[WHAT TO WORK ON]: Please quote exactly the lines below from the line containing "Personalized Wireless Slim" to the line containing "Saucony Progrid Omni", both lines included, and nothing else.

[RECORDS PROVIDED]:

============

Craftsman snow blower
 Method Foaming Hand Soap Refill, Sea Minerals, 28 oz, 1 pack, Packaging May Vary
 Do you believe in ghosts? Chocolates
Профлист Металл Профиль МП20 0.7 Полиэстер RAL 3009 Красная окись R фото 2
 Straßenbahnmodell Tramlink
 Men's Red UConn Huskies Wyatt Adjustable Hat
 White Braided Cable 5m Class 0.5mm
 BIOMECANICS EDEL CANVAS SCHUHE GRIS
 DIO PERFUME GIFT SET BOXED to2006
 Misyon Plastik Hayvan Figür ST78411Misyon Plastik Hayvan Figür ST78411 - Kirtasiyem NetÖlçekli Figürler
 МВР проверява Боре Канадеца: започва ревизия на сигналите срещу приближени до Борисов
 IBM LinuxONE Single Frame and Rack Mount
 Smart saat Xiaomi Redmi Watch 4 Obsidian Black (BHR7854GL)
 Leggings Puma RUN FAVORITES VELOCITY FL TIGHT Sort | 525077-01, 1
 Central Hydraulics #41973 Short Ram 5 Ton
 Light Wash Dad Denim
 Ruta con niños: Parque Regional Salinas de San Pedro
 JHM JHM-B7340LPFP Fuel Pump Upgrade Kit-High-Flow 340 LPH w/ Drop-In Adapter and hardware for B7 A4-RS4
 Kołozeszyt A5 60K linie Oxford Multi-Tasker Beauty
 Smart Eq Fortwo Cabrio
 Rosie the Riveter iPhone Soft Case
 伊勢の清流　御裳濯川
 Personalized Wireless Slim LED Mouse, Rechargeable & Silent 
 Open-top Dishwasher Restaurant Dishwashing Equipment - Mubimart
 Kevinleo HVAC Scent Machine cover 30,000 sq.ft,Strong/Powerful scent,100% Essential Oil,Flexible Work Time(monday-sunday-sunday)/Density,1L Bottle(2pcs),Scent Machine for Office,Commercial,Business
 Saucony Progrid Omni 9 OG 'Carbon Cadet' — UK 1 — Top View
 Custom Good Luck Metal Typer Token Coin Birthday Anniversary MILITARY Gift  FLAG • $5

============

[EXERCISE ANSWER]:
 Personalized Wireless Slim LED Mouse, Rechargeable & Silent 
 Open-top Dishwasher Restaurant Dishwashing Equipment - Mubimart
 Kevinleo HVAC Scent Machine cover 30,000 sq.ft,Strong/Powerful scent,100% Essential Oil,Flexible Work Time(monday-sunday-sunday)/Density,1L Bottle(2pcs),Scent Machine for Office,Commercial,Business
 Saucony Progrid Omni 9 OG 'Carbon Cadet' — UK 1 — Top View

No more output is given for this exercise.